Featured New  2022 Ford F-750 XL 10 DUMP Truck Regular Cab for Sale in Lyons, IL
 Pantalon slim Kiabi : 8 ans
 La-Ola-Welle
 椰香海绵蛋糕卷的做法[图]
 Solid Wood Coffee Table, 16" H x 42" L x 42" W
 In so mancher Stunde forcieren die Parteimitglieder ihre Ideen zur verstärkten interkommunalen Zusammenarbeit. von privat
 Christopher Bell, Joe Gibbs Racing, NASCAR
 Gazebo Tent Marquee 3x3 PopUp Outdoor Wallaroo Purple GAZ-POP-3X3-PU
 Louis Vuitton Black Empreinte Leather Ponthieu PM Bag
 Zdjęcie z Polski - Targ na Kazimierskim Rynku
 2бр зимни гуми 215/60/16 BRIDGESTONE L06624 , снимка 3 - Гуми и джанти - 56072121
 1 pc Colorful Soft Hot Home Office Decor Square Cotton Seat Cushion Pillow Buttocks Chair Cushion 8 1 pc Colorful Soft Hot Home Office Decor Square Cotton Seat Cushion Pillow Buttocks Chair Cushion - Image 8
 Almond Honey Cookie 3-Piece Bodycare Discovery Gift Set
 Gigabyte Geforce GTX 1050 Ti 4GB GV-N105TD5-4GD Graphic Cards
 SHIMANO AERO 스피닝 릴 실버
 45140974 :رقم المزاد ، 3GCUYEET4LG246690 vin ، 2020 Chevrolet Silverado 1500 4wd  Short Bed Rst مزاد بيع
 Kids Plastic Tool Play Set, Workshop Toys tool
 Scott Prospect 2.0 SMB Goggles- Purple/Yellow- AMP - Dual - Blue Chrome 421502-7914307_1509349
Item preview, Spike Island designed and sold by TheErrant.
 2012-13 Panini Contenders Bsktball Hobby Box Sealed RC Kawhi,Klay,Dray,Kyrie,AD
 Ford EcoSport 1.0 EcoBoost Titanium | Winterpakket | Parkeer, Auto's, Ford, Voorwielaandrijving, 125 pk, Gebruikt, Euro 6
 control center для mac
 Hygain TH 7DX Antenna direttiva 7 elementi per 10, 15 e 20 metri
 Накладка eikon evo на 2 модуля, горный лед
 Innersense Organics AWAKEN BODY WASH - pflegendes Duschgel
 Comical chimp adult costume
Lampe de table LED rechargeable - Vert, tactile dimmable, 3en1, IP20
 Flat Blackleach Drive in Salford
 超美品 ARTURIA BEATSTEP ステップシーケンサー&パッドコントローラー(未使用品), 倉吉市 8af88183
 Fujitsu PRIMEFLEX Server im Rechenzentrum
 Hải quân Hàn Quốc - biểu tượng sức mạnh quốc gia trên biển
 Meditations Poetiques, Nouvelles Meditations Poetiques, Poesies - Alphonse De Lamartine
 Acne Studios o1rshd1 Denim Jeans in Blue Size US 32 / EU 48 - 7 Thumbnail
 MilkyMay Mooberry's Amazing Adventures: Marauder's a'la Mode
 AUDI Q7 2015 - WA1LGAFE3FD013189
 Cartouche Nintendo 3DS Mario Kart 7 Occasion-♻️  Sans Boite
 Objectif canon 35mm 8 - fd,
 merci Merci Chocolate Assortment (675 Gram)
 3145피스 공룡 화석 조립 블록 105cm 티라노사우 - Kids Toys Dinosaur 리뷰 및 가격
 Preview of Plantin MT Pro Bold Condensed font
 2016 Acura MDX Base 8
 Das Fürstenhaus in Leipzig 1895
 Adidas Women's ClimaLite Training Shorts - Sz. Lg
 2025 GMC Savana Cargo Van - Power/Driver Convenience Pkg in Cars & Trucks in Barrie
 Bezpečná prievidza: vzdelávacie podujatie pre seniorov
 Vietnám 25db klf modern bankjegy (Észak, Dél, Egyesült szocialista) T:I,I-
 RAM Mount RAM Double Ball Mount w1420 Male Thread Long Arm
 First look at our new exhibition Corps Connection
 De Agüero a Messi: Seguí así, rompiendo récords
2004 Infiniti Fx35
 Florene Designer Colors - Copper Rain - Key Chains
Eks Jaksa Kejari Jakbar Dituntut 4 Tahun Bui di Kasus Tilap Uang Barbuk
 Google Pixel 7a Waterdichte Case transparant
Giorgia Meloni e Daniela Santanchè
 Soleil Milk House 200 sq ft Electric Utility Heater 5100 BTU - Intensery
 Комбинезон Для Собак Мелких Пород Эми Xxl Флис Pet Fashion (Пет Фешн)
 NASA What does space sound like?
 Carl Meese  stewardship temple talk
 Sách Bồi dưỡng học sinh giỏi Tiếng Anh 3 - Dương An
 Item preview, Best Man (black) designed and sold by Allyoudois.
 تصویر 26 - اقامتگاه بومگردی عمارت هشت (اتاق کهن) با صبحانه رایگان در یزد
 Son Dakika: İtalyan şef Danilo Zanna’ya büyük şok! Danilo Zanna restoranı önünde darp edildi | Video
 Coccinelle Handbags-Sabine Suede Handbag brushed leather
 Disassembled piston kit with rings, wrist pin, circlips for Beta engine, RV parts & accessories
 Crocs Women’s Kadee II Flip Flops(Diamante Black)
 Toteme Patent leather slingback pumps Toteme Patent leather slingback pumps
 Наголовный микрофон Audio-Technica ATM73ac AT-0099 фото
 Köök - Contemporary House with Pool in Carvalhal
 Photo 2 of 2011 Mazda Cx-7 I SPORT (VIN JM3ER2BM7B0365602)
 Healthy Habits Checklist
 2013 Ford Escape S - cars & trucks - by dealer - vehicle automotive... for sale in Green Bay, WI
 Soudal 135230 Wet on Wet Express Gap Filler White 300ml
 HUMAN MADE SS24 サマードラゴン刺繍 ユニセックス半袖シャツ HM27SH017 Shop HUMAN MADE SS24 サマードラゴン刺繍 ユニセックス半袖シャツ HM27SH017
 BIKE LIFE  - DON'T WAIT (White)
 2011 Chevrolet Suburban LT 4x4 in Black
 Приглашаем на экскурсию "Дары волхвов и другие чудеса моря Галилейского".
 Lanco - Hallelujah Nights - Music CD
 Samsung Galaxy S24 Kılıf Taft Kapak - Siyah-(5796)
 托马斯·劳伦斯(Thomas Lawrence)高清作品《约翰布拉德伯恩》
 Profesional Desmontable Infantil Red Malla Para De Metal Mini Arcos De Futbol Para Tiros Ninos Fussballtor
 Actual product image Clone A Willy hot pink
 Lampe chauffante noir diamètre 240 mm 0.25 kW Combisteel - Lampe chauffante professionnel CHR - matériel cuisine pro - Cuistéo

## Description of the task
Everything above from the line with "Cushion - Image 8" to the line with "Item preview, Spike", both included, must be repeated exactly, and nothing outside that range.

## Task response
 1 pc Colorful Soft Hot Home Office Decor Square Cotton Seat Cushion Pillow Buttocks Chair Cushion 8 1 pc Colorful Soft Hot Home Office Decor Square Cotton Seat Cushion Pillow Buttocks Chair Cushion - Image 8
 Almond Honey Cookie 3-Piece Bodycare Discovery Gift Set
 Gigabyte Geforce GTX 1050 Ti 4GB GV-N105TD5-4GD Graphic Cards
 SHIMANO AERO 스피닝 릴 실버
 45140974 :رقم المزاد ، 3GCUYEET4LG246690 vin ، 2020 Chevrolet Silverado 1500 4wd  Short Bed Rst مزاد بيع
 Kids Plastic Tool Play Set, Workshop Toys tool
 Scott Prospect 2.0 SMB Goggles- Purple/Yellow- AMP - Dual - Blue Chrome 421502-7914307_1509349
Item preview, Spike Island designed and sold by TheErrant.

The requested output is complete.